▶ What to work on
Look through the entries below and copy exactly the part that begins with the line containing "Aqua Blue Faux" and ends with the line containing "Pantalones H&M Acanalado". Do not copy the pictures.

▶ Listed entries
+ + + + + + +

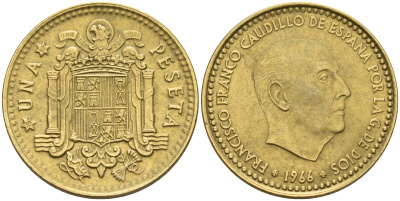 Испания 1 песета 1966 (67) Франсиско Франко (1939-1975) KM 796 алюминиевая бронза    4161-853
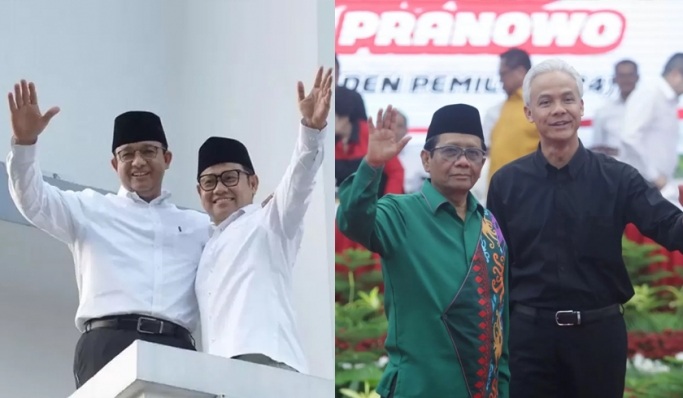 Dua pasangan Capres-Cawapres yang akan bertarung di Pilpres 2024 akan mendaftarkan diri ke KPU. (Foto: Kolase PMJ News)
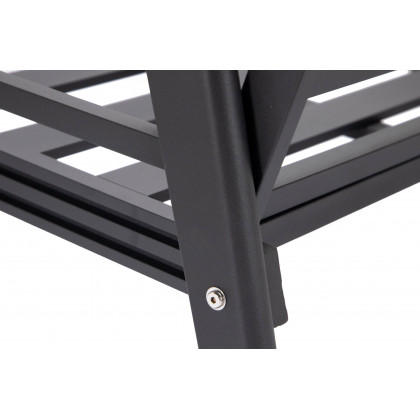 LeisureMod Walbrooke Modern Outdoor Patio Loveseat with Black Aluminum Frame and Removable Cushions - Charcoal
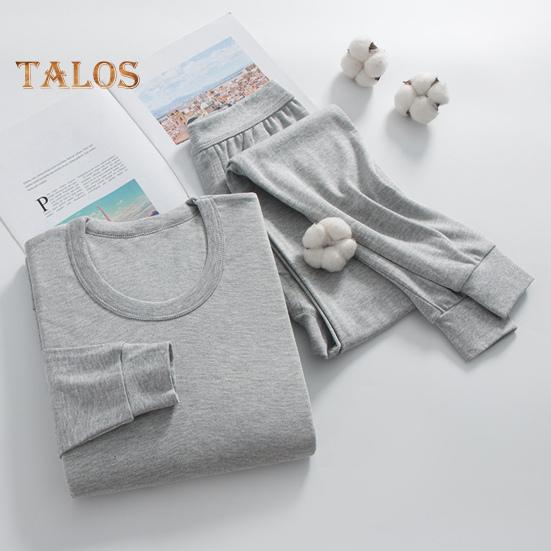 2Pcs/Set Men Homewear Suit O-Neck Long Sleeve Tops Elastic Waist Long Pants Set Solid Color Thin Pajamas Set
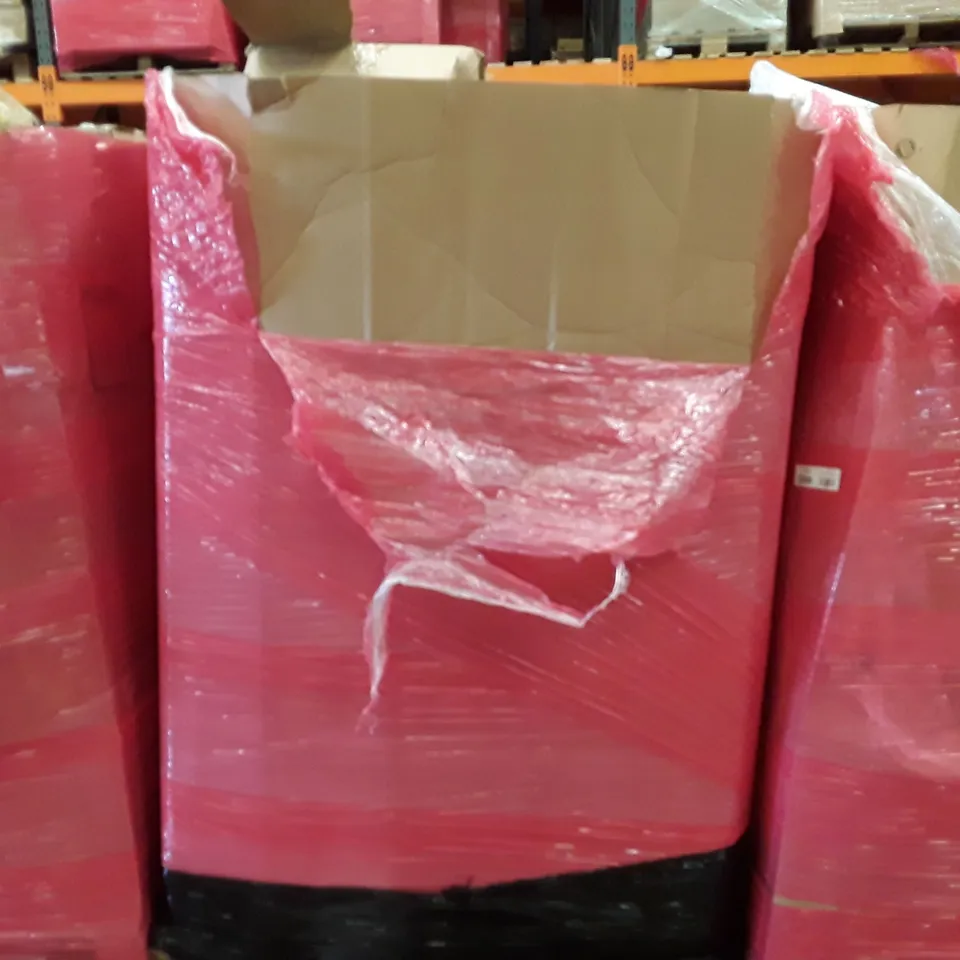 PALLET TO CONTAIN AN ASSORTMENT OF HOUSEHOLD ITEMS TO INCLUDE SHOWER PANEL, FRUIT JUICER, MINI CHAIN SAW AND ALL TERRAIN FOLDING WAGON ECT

+ + + + + + +

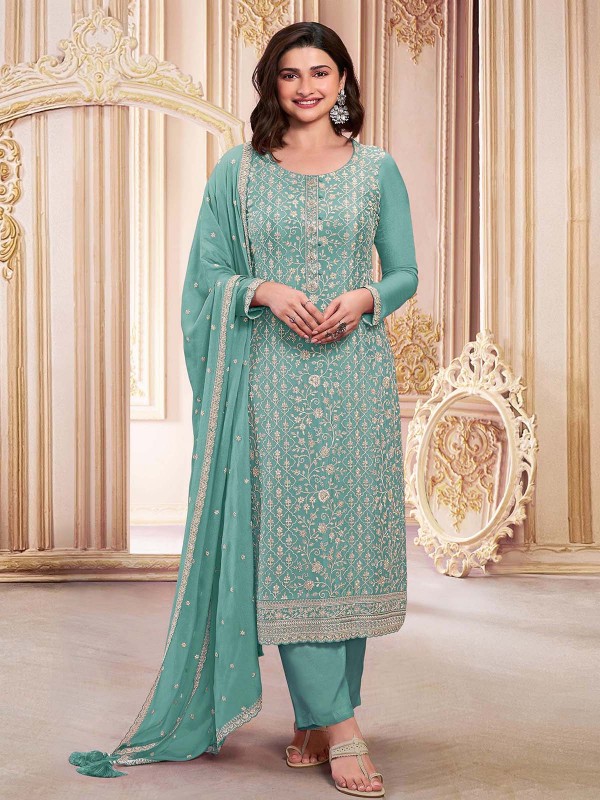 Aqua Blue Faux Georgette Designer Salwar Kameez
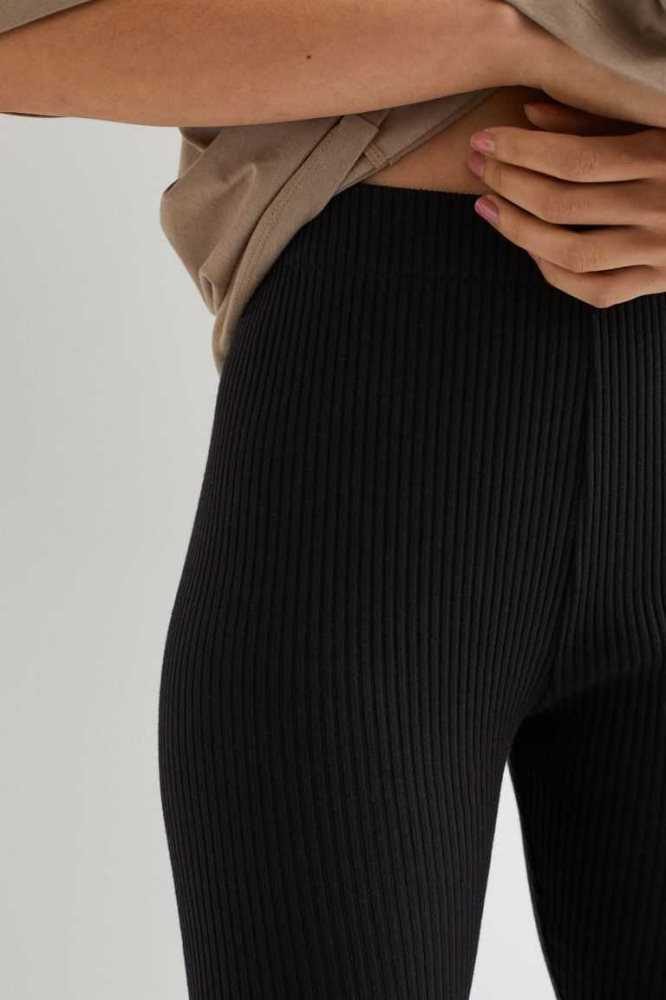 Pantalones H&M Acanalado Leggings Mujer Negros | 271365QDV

+ + + + + + +

▶ Task output
 Aqua Blue Faux Georgette Designer Salwar Kameez
 Pantalones H&M Acanalado Leggings Mujer Negros | 271365QDV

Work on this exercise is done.